(Beginning of MATERIAL SUPPLIED)
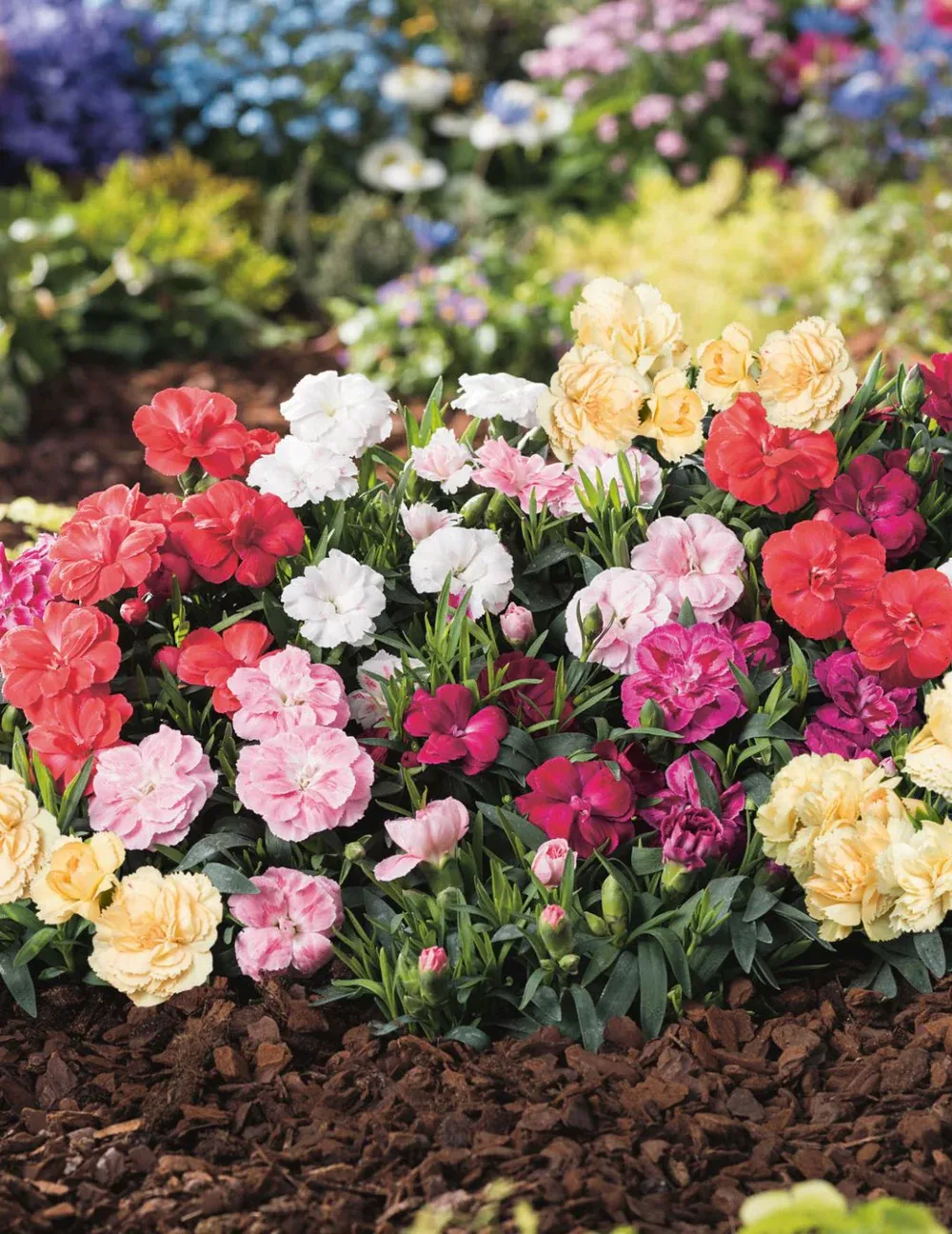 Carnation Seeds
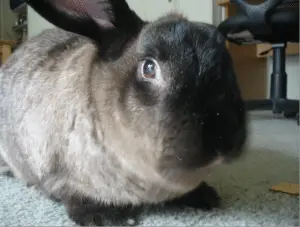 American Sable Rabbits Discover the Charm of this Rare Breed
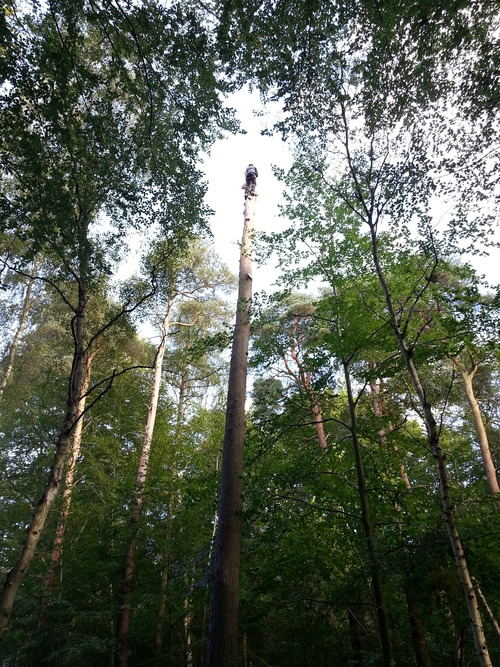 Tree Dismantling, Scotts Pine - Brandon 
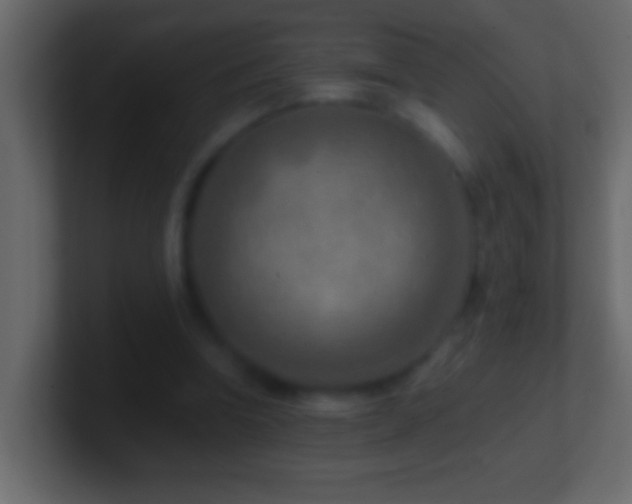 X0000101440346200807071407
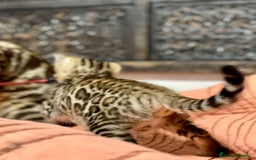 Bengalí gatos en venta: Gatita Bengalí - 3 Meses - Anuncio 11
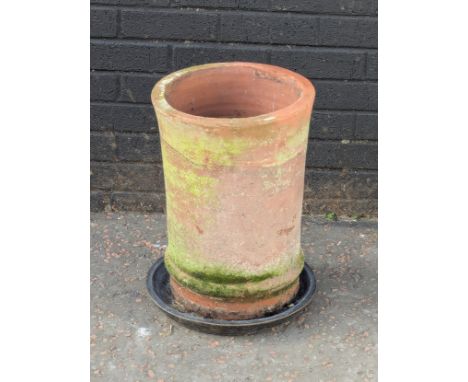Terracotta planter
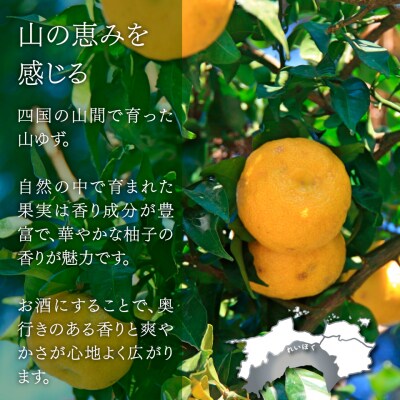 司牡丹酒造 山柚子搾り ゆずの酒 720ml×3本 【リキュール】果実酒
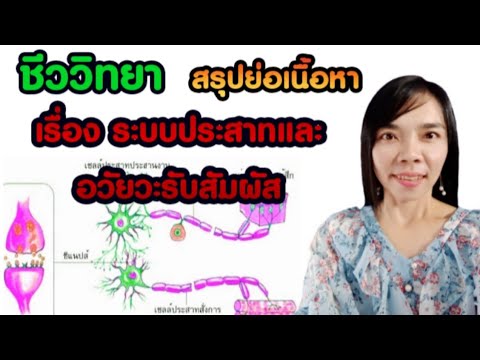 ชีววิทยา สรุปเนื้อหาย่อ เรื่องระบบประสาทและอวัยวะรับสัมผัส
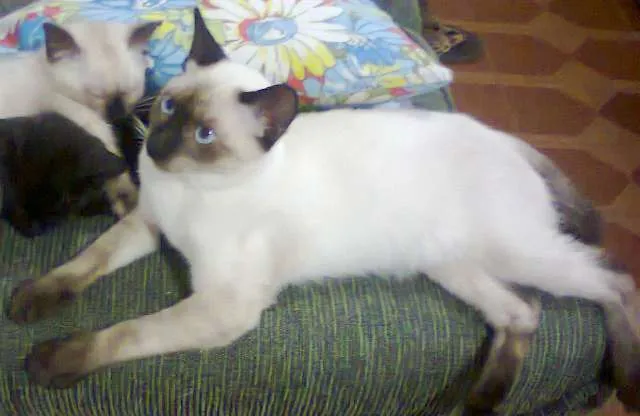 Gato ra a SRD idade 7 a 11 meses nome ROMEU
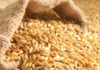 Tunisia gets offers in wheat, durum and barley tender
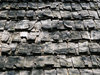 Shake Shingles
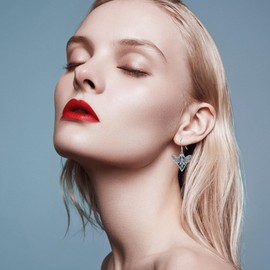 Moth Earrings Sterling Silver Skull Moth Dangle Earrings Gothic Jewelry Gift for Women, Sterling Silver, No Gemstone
(End of MATERIAL SUPPLIED)
• **WHAT NEEDS TO BE DONE**: Minus its pictures, the full listing should be copied verbatim.

• **ANSWER SECTION**:
 Carnation Seeds
 American Sable Rabbits Discover the Charm of this Rare Breed
 Tree Dismantling, Scotts Pine - Brandon 
 X0000101440346200807071407
 Bengalí gatos en venta: Gatita Bengalí - 3 Meses - Anuncio 11
Terracotta planter
 司牡丹酒造 山柚子搾り ゆずの酒 720ml×3本 【リキュール】果実酒
 ชีววิทยา สรุปเนื้อหาย่อ เรื่องระบบประสาทและอวัยวะรับสัมผัส
 Gato ra a SRD idade 7 a 11 meses nome ROMEU
 Tunisia gets offers in wheat, durum and barley tender
 Shake Shingles
 Moth Earrings Sterling Silver Skull Moth Dangle Earrings Gothic Jewelry Gift for Women, Sterling Silver, No Gemstone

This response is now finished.